All of the listing must be given again exactly, except that the images are dropped.
-- DATA SECTION follows --
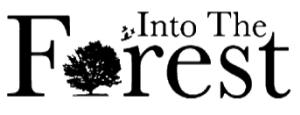 Logo Into The Forest Resort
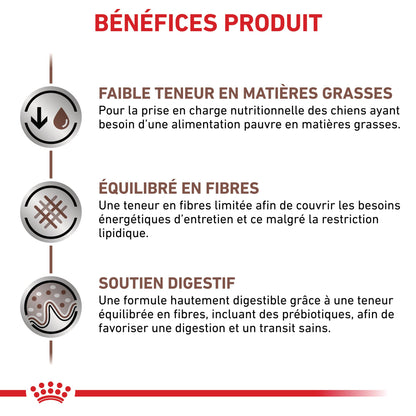 Royal Canin Veterinary Gastrointestinal Low Fat - croquettes chien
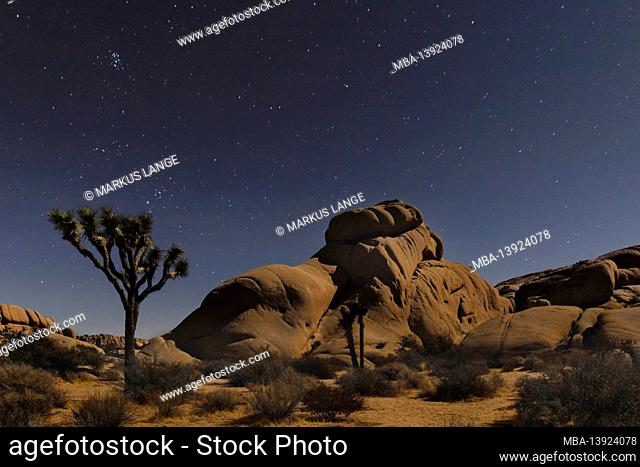 Joshua Tree (Yucca brevifolia), starry sky, Joshua Tree National Park, Mojave Desert, California, United States, USA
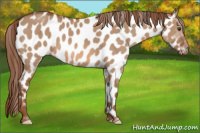 Horse Color:Liver Red Dun Appaloosa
-- DATA SECTION concluded --
RESPONSE BOX —
 Logo Into The Forest Resort
 Royal Canin Veterinary Gastrointestinal Low Fat - croquettes chien
 Joshua Tree (Yucca brevifolia), starry sky, Joshua Tree National Park, Mojave Desert, California, United States, USA
 Horse Color:Liver Red Dun Appaloosa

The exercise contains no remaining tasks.